El Gobierno se pega un tiro en el pie con el apagón
Desde el primer momento, el Ejecutivo ha desplegado una estrategia orientada más a diluir su responsabilidad que a esclarecer con rigor las causas del colapso. Y lo ha hecho tratando de repartir culpas a partes iguales entre Red Eléctrica de España (REE) —con un 20 % de capital público y presidida por la exministra socialista Beatriz Corredor— y las compañías eléctricas privadas.
La tesis oficial es que el fallo fue “multifactorial”, una fórmula ambigua que permite señalar sin acusar, insinuar sin asumir. Según la vicepresidenta tercera, Sara Aagesen, el origen del apagón estaría en una combinación de elementos técnicos: fenómenos de sobretensión, desconexiones automáticas de varias plantas, y la baja programación de energía síncrona convencional.
Un diagnóstico que, a pesar de su envoltorio técnico, deja entrever un movimiento político calculado para contener daños. De esta forma, evita apuntar directamente al diseño del sistema o a decisiones de planificación energética del propio Gobierno.

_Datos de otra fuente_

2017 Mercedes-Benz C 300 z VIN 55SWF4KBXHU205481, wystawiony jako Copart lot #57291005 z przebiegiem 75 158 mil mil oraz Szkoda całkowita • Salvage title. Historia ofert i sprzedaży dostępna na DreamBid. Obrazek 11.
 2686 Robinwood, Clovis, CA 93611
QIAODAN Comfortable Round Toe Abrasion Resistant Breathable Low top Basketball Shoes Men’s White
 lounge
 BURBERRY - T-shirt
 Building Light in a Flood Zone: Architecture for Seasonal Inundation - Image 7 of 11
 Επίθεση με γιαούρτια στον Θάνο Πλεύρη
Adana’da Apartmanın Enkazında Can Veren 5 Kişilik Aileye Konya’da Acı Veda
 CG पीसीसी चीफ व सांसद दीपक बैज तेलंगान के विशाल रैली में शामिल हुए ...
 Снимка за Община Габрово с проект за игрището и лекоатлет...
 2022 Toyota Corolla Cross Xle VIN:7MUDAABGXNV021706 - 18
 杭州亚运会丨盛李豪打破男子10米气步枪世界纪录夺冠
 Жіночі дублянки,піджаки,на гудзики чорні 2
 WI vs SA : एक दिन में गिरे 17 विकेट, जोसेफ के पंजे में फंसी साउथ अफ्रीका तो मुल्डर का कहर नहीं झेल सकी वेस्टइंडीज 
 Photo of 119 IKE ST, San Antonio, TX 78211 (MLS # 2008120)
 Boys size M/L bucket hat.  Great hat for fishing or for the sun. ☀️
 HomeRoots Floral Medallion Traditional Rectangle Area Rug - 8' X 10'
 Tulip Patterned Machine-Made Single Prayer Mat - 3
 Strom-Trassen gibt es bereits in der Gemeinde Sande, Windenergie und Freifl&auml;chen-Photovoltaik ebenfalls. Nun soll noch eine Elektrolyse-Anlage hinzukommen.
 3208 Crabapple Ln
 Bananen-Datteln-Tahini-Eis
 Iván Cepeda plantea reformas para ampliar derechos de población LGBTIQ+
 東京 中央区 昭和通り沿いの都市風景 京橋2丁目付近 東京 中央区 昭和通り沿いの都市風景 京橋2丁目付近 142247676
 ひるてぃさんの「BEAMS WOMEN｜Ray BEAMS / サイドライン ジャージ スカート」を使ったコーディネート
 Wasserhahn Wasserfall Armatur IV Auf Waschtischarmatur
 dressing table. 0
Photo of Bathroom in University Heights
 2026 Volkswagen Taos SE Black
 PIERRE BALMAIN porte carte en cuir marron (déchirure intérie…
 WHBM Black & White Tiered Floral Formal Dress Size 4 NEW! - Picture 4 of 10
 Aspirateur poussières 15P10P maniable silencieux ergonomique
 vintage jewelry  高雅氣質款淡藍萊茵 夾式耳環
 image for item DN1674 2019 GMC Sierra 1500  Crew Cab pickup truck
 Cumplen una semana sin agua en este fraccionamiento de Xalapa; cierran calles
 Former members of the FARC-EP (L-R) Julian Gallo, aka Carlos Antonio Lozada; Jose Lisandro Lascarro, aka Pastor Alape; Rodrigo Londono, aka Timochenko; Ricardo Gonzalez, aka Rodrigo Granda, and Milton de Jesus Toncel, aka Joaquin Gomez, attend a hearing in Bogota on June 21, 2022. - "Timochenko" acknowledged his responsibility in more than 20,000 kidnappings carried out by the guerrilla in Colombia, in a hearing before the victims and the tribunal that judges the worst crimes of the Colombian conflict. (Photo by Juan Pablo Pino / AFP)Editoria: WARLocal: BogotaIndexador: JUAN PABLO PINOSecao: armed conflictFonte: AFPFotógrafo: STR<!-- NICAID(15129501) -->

El relato institucional ha encontrado en las plantas fotovoltaicas un chivo expiatorio útil. De manera más o menos explícita, se ha sugerido que fueron estas instalaciones —o al menos algunas de ellas— las que originaron la cadena de desconexiones que desembocó en el cero energético.
Pero esa insinuación choca frontalmente con la política que el Ejecutivo dice abanderar, la del impulso decidido a las energías renovables. ¿Cómo puede sostenerse que una o dos plantas solares, con un peso económico marginal, tengan capacidad para provocar un apagón de escala nacional?
Y lo que es aún más grave, si realmente fueran responsables, deberían asumir indemnizaciones multimillonarias por los perjuicios causados a la industria. La implicación es clara y preocupante. Si producir energía renovable expone a un operador a semejante riesgo legal y reputacional, ¿quién querrá invertir en ella?
Esta retórica de ‘apuntar sin disparar’ ha terminado siendo un tiro en el pie para un Gobierno que se declara defensor de la transición energética. Asignar responsabilidades tan graves a instalaciones fotovoltaicas no solo desincentiva la inversión en el sector, sino que erosiona la confianza en un sistema que necesita urgentemente seguridad jurídica y estabilidad normativa.
El precedente es aún más alarmante si se considera que desde días antes del apagón ya se registraban anomalías en la red. El 22 de abril, técnicos y operadores alertaban de fenómenos extraños —sobretensiones y oscilaciones de frecuencia— que anticipaban un desajuste estructural.
Aun así, en el momento crítico, REE optó por programar la menor cuota de generación síncrona convencional del mes, dejando a la red sin el colchón de estabilidad necesario. Cuando las protecciones automáticas comenzaron a desconectar plantas fotovoltaicas por exceso de tensión, la reacción en cadena ya era imparable.
En lugar de asumir que la arquitectura del sistema y su planificación operativa han sido deficientes, el Gobierno ha preferido abrir la puerta a una interpretación que señala a las renovables como parte del problema. En términos estratégicos, es una contradicción flagrante, deslegitima a la pieza central de la transición energética en el mismo momento en que debería reforzarse su papel.
Lo que se percibe desde el sector es un intento desesperado por eludir el coste político del apagón. Pero ese coste, que el Ejecutivo ha querido repartir entre agentes públicos y privados, puede terminar volviéndose en su contra.
Porque si el mensaje que se transmite es que una planta solar puede poner en jaque el sistema eléctrico de un país, lo que se está diciendo, de facto, es que el sistema no es fiable. Y eso, más que ningún apagón, es lo que verdaderamente apaga la confianza.